Read binary file as string in Ruby - ruby

I need an easy way to take a tar file and convert it into a string (and vice versa). Is there a way to do this in Ruby? My best attempt was this:
file = File.open("path-to-file.tar.gz")
contents = ""
file.each {|line|
contents << line
}
I thought that would be enough to convert it to a string, but then when I try to write it back out like this...
newFile = File.open("test.tar.gz", "w")
newFile.write(contents)
It isn't the same file. Doing ls -l shows the files are of different sizes, although they are pretty close (and opening the file reveals most of the contents intact). Is there a small mistake I'm making or an entirely different (but workable) way to accomplish this?

First, you should open the file as a binary file. Then you can read the entire file in, in one command.
file = File.open("path-to-file.tar.gz", "rb")
contents = file.read
That will get you the entire file in a string.
After that, you probably want to file.close. If you don’t do that, file won’t be closed until it is garbage-collected, so it would be a slight waste of system resources while it is open.

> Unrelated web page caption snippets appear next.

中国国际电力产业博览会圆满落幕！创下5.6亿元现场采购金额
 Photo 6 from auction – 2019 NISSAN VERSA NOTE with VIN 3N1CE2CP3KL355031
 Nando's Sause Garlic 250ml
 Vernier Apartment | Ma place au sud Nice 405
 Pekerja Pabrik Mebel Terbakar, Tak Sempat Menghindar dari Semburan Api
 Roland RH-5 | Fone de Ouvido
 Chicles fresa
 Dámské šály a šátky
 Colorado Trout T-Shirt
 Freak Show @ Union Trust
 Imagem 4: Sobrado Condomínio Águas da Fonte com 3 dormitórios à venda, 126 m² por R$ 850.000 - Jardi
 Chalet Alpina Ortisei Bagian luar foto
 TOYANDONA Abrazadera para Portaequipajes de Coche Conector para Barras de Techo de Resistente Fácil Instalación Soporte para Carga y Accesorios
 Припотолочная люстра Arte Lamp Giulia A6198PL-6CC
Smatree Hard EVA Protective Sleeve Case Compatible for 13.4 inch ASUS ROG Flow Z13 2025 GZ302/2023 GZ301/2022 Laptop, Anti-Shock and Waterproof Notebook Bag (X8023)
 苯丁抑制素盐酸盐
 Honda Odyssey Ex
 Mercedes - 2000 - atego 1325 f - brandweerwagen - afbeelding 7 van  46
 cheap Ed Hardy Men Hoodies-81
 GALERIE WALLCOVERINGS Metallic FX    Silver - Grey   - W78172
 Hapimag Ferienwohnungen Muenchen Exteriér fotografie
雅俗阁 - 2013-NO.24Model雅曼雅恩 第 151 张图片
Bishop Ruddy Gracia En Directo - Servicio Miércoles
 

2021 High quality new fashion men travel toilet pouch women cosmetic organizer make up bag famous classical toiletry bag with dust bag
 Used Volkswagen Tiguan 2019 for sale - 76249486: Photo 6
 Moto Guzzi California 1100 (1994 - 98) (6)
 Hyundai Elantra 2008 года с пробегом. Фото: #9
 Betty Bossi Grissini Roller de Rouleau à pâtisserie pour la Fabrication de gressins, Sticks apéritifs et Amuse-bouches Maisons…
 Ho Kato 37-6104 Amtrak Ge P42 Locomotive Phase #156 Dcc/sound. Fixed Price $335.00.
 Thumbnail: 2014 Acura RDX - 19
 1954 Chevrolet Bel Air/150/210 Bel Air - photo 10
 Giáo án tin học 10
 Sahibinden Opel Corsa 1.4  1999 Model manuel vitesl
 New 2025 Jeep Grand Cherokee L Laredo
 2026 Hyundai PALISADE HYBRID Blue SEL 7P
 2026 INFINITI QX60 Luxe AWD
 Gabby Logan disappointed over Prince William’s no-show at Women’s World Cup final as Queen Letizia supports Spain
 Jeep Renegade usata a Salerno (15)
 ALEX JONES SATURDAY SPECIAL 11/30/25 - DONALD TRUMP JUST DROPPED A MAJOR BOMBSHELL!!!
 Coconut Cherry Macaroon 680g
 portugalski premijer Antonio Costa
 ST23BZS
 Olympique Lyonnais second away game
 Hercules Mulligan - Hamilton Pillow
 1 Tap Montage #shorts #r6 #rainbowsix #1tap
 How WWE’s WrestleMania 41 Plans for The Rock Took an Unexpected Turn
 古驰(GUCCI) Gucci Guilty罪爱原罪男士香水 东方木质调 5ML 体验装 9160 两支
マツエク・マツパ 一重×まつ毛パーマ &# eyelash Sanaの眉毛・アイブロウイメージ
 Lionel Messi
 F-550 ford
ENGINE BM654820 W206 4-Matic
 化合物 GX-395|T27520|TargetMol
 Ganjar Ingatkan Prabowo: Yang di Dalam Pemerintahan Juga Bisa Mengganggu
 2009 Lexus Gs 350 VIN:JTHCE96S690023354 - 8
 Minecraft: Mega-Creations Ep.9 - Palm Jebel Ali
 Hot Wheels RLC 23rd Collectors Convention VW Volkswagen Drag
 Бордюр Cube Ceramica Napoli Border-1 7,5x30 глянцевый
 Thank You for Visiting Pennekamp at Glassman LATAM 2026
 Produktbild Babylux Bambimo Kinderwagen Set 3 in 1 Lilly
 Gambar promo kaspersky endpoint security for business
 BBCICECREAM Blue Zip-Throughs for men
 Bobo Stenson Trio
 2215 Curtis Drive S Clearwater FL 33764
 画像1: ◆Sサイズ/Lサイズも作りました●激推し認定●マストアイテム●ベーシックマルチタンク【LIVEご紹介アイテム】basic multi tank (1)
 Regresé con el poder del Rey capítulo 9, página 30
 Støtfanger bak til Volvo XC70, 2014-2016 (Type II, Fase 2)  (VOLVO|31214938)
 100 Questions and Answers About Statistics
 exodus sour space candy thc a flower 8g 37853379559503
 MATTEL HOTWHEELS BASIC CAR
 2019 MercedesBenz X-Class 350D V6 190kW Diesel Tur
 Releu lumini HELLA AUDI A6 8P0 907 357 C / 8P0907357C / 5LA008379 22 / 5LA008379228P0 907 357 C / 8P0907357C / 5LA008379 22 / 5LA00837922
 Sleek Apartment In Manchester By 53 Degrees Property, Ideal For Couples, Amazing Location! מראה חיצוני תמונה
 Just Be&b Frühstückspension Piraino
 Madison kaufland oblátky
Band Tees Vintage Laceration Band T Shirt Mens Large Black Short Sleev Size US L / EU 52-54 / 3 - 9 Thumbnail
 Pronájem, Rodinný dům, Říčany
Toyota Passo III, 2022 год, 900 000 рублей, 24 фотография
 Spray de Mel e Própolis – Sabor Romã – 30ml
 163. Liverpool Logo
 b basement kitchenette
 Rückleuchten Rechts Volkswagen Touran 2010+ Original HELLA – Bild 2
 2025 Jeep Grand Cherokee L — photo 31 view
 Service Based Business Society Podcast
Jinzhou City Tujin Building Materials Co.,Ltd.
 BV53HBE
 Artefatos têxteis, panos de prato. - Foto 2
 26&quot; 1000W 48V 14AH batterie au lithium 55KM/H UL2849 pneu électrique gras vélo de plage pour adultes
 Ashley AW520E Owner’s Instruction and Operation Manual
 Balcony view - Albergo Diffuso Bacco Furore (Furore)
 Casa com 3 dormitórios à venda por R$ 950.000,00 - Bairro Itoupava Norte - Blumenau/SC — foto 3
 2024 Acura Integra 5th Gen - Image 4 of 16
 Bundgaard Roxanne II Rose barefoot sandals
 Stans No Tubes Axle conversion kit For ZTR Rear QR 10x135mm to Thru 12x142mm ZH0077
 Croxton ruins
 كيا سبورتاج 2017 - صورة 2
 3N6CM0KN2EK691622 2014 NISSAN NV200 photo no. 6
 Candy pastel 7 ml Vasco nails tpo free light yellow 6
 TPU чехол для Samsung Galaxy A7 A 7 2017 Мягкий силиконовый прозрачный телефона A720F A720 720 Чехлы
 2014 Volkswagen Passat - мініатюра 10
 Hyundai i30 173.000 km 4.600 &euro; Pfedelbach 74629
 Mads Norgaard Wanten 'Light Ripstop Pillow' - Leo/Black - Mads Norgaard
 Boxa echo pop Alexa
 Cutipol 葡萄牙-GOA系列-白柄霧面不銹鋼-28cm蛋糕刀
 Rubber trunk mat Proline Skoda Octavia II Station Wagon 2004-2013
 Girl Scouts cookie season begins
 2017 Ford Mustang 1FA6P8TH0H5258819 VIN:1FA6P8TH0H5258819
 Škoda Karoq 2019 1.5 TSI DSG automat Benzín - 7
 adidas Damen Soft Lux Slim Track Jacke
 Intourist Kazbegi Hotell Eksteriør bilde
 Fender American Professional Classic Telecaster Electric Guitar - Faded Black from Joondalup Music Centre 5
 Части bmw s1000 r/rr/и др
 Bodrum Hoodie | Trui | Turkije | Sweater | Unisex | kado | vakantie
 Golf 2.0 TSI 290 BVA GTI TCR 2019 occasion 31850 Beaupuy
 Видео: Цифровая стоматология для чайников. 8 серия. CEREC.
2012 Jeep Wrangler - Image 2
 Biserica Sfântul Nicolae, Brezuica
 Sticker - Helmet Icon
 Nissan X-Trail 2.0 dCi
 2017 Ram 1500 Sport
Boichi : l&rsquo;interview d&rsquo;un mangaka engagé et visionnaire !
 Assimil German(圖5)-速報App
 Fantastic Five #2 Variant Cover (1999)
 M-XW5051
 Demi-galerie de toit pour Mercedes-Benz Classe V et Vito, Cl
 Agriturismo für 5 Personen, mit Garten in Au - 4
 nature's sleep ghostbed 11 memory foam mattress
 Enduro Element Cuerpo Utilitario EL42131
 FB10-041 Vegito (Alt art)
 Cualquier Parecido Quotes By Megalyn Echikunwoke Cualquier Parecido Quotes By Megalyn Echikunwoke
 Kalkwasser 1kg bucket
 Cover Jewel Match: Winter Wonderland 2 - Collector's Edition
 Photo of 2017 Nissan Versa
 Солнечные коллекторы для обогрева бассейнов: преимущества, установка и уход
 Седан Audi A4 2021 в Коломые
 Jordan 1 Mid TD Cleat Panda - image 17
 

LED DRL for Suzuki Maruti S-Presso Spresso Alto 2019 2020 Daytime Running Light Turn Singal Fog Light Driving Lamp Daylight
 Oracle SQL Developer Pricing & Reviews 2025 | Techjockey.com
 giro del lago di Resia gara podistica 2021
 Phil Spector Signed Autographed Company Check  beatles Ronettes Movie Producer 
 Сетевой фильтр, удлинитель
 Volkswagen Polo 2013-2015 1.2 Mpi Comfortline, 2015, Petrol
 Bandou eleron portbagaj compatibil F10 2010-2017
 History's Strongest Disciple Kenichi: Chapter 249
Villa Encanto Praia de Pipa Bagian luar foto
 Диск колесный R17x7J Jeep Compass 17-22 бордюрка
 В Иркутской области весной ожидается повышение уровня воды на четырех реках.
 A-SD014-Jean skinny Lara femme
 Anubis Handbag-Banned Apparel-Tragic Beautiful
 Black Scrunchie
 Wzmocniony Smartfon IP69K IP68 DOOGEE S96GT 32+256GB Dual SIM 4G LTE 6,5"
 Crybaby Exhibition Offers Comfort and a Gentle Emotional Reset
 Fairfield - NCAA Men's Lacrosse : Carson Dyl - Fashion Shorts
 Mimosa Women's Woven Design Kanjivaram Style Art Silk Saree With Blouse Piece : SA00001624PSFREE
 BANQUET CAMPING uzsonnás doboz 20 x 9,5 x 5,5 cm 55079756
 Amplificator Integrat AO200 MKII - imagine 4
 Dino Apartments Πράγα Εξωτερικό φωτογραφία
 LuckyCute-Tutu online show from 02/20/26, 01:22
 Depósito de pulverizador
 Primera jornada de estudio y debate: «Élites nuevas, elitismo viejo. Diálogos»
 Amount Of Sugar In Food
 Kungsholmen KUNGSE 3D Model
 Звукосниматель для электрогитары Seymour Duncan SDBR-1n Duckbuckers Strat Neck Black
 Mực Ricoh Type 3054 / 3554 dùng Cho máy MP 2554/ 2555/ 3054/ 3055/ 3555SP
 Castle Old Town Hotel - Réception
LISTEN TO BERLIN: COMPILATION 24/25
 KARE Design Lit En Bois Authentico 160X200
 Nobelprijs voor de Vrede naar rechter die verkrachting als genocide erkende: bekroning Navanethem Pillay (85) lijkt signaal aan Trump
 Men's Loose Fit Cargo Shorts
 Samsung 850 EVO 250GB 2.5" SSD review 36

If you need binary mode, you'll need to do it the hard way:
s = File.open(filename, 'rb') { |f| f.read }
If not, shorter and sweeter is:
s = IO.read(filename)

To avoid leaving the file open, it is best to pass a block to File.open. This way, the file will be closed after the block executes.
contents = File.open('path-to-file.tar.gz', 'rb') { |f| f.read }

how about some open/close safety.
string = File.open('file.txt', 'rb') { |file| file.read }

Ruby have binary reading
data = IO.binread(path/filaname)
or if less than Ruby 1.9.2
data = IO.read(path/file)

on os x these are the same for me... could this maybe be extra "\r" in windows?
in any case you may be better of with:
contents = File.read("e.tgz")
newFile = File.open("ee.tgz", "w")
newFile.write(contents)

You can probably encode the tar file in Base64. Base 64 will give you a pure ASCII representation of the file that you can store in a plain text file. Then you can retrieve the tar file by decoding the text back.
You do something like:
require 'base64'
file_contents = Base64.encode64(tar_file_data)
Have look at the Base64 Rubydocs to get a better idea.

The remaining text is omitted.